- **Stored data**:
★ ★ ★ ★ ★ ★ ★

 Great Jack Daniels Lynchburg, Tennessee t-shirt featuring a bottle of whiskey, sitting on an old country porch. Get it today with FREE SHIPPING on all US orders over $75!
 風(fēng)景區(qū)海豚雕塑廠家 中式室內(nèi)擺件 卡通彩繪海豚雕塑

★ ★ ★ ★ ★ ★ ★

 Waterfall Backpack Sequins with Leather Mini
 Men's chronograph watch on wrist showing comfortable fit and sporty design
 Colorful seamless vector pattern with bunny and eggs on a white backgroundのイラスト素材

★ ★ ★ ★ ★ ★ ★

- **Directions**: Show each line of the material that includes the word "with".

- **Answer space**:
 Great Jack Daniels Lynchburg, Tennessee t-shirt featuring a bottle of whiskey, sitting on an old country porch. Get it today with FREE SHIPPING on all US orders over $75!
 Waterfall Backpack Sequins with Leather Mini
 Colorful seamless vector pattern with bunny and eggs on a white backgroundのイラスト素材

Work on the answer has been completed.